Opening and saving sumstats files

Opening sumstats files

From csv/txt/tsv

pysumstats will automatically recognize csv/txt/tsv extensions and read files appropriately. It assumes a .txt or .tsv files is separated by tabs, and .csv files are separated by commas. If your file is separated by a character other then the default, please specify sep when opening SumStats. For example, a European csv file can be opened with pysumstats.SumStats (‘myfile.csv’, sep=’;’)

From gzipped files

Since pysumstats uses pandas.read_csv() to open files the .gz extension is automatically recognized and will be opened appropriately. If you are using a different type of compression see the documentation of pandas.read_csv() function to check wether your comprression is supported.

From pickled files

When you have saved your pysumstats.SumStats object as a .pickle file you can open it as you would any other file. Loading pysumstats.MergedSumStats objects from a .pickle file will not work by running pysumstats.SumStats(‘mymerged.pickle’). To open pysumstats.MergedSumStats objects stored as .pickle please run the following:

import pickle
with open('mymerged.pickle', 'rb') as f:
    my_merged_obj = pickle.load(f)

Warning

When a pysumstats.SumStats with low_ram enabled is storted as a .pickle file the data is not included in the file, only the reference to the temporary file!

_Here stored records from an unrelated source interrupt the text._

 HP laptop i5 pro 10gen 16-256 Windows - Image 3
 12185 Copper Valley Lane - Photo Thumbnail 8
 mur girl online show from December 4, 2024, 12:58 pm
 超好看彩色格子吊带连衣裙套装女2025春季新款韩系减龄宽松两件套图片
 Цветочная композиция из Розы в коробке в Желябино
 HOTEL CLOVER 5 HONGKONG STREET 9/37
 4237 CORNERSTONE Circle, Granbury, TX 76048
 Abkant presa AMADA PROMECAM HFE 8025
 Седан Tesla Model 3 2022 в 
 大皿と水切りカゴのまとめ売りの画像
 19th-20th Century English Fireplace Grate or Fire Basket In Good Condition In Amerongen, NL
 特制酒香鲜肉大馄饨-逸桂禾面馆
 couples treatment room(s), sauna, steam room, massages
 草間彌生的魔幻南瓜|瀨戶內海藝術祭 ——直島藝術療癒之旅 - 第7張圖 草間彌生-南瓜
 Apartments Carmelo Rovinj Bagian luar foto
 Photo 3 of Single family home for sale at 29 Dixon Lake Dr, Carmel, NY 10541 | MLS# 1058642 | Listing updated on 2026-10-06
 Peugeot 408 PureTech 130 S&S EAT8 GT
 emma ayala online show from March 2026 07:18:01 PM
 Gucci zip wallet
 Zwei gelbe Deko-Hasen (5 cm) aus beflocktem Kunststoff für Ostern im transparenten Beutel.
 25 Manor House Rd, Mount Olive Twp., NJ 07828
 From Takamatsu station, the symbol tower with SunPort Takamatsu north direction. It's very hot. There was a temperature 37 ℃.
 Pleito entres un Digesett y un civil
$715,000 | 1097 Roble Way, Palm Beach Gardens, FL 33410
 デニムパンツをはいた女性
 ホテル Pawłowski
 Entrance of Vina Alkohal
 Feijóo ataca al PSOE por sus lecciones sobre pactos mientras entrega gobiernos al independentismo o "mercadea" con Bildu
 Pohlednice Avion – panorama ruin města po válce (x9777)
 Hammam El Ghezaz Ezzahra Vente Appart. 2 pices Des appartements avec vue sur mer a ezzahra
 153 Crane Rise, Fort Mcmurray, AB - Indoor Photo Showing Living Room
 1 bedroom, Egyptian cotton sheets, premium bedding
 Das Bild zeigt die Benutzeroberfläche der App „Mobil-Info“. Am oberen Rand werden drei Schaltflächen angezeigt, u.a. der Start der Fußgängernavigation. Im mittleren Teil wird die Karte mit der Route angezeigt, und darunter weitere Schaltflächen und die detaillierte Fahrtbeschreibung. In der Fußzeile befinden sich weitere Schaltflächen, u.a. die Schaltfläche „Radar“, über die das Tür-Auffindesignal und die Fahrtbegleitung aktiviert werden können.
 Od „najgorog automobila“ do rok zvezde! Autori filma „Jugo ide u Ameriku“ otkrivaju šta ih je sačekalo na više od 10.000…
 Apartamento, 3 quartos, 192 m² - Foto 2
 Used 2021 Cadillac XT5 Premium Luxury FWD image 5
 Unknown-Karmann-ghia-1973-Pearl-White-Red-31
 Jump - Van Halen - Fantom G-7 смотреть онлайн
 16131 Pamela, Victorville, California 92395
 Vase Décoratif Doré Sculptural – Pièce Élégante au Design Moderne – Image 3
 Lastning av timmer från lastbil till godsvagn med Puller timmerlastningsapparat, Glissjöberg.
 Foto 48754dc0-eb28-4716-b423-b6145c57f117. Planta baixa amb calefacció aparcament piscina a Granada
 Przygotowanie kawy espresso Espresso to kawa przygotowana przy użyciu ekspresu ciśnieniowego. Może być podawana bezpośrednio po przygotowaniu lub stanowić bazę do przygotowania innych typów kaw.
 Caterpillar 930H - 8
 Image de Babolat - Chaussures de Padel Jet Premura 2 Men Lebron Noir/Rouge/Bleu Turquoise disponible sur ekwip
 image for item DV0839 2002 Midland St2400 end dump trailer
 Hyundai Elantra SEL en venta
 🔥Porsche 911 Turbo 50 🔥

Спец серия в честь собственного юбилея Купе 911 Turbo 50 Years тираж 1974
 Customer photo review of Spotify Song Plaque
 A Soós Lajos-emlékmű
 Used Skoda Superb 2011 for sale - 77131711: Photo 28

When low_ram is enabled I highly recommend to save your file as a .csv or something similar.

From other files

Any file extension other then the following: [‘.txt.’, ‘.txt.gz’, ‘.tsv’, ‘.tsv.gz’, ‘.csv’, ‘.csv.gz’, ‘.pickle’] will be passed straight to pandas.read_csv() hence you will have to supply the appropriate keyworded arguments to enable reading.

Saving sumstats files

Compatibility method

If you want to use the saved data in any other package or program you should save it in plaintext format (or gzipped plain text). Both pysumstats.SumStats and pysumstats.MergedSumStats objects support saving to .csv, .txt(.gz), .tsv(.gz) using the same default separators as for reading (commas for .csv, tabs for .txt and .tsv). Supplying the sep argument will override these defaults. Attempting to save with any other file extension will raise a KeyError .. note:

The `index` and `header` arguments are used internally and cannot be set.

Fastest method

If you want to continue working on your file with the pysumstats package later it is much faster to save your object as a pickled file. Both pysumstats.SumStats and pysumstats.MergedSumStats objects support saving to a .pickle file from their respective .save() methods. Alternatively files can be pickled in the standard way:

import pickle
with open('mypickledsumstats.pickle', 'wb') as f:
    pickle.load(f, my_sumstats_obj)

Warning

When a pysumstats.SumStats or pysumstats.MergedSumStats with low_ram enabled is storted as a .pickle file the data is not included in the file, only the reference to the temporary file!

When low_ram is enabled I highly recommend to save your file as a .csv or something similar.

Per chromosome

Alternatively, data can be stored in 1 file per chromosome by passing per_chromsome=True to pysumstats.SumStats.save() or pysumstats.SumStats.save(). By default files will be stored as: chr1_[path], chr2_[path], etc. Alternatively you can add {} to the path where you want the chromsomenumbers to be in the files. For example: my_sumstats_obj.save(‘my_data_chr{}.csv’, per_chromosome=True).